The ever reliable Johnny Feeney returns with another guest post, this time around he’s sharing three albums missed or overlooked on the blog. Take it away Johnny.

Alt-J An Awesome Wave

This quite astonishing debut album from English four-piece Alt-J has been earning rave reviews from near and far and recently, deservedly, won the 2012 Mercury Music Prize. It’s not difficult to see why. This is easy listening, but with backbone. Short, snappy drums propel the songs forward with shimmering layers piled on top along with lots of vocal repetitions, harmonies and lead singer’s Joe Newman’s unique, almost nasal vocals, which is a potent weapon in its own right.

The additional flourishes throughout make the album – the dreamy guitars and pianos on ‘Something Good’, the mantric repetition in ‘Breezeblocks’, the deliciously delicate xylophones in ‘MS’, the Eastern-style guitar line on the exceptional closer ‘Taro’, the squelchy synths in ‘Fitzpleasure’. Everything comes together effortlessly without a duff track in sight. Even the three short interludes are a class apart. Some of the lyrics are cryptic at best but with music this good it’s hard to complain. An Awesome Wave? An awesome album.

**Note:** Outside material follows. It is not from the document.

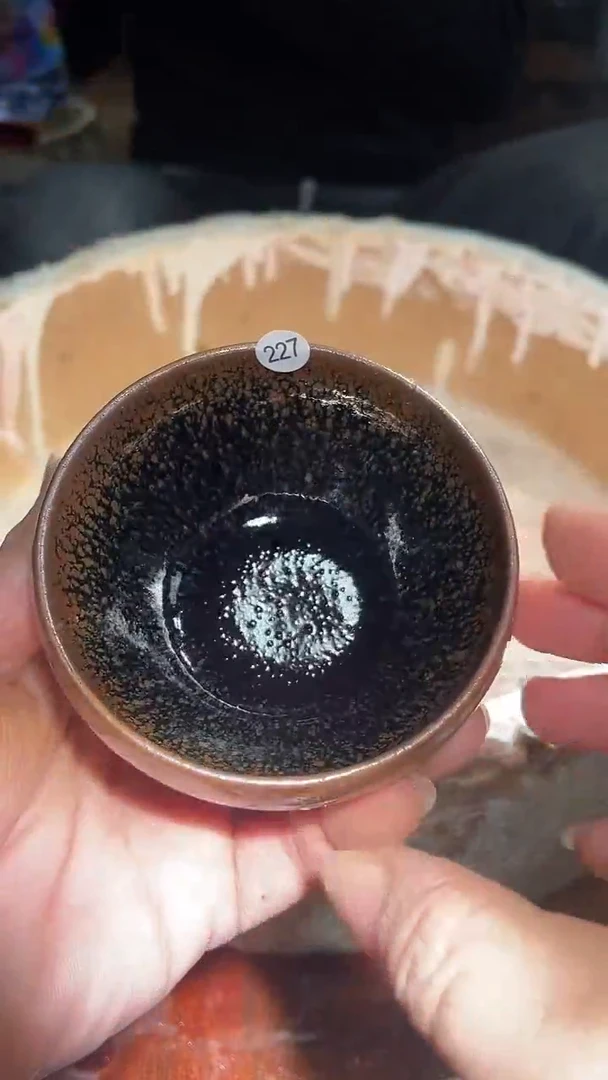 茶盏录存建盏柴烧手工227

Richard Hawley Standing At The Sky’s Edge

The seventh studio album from Richard Hawley is an interesting change of direction for the Sheffield singer-songwriter. Hazy psychedelia is the order of the day here and Hawley proves masterful at it. With only one track clocking in under five minutes, the songs are suffused with snarling, meandering guitars solos and Hawley’s distinctive vocals. The title track is a masterpiece telling tales of a man who kills his wife and kids, a hard-up prostitute who ends up in jail and a young man involved in inner city violence respectively.

‘Down in the Woods’ is a real rocker with a venomous Hawley sounding not unlike Mark Lanegan. There are moments of real beauty here too with the woozy rock of ‘Time Will Bring You Winter’, the delicate ‘Don’t Stare At the Sun’ and the haunting ‘The Wood Collier’s Grave’. It’s the rockier material here that really stands out though such as the excellent closer ‘Before’, which begins gently before a mazy guitar line comes in, ‘She Brings the Sunlight’ and ‘Leave Your Body Behind’. One wonders where Hawley will go next but it will certainly be interesting to find out.

Grizzly Bear Shields

It’s three years since Brooklyn’s Grizzly Bear released the superb Veckatimest. It seems Shields was not a straight forward follow-up, with news of a full album supposedly binned along the way. However this album could justifiably be called their strongest yet. With its dense, complex layers it’s certainly challenging but one that reaps rich rewards upon multiple listens. There’s certainly nothing as instantly accessible as ‘Two Weeks’ on here with no apparent radio-friendly songs, not that this is a bad thing.

The album opens with ‘Sleeping Ute’ and its disconcerting time signature is an indicator of what’s to follow You learn to expect the unexpected from Grizzly Bear. As always, vocals are shared between Ed Droste and Daniel Rossen with harmonies appearing throughout. The sublime ‘Yet Again’ has a really catchy chorus that can get stuck in your head for days. Album standout ‘Half Gate’ is a work of high art with its soaring, sweeping strings and jangling guitars. Brilliant stuff from a brilliant band.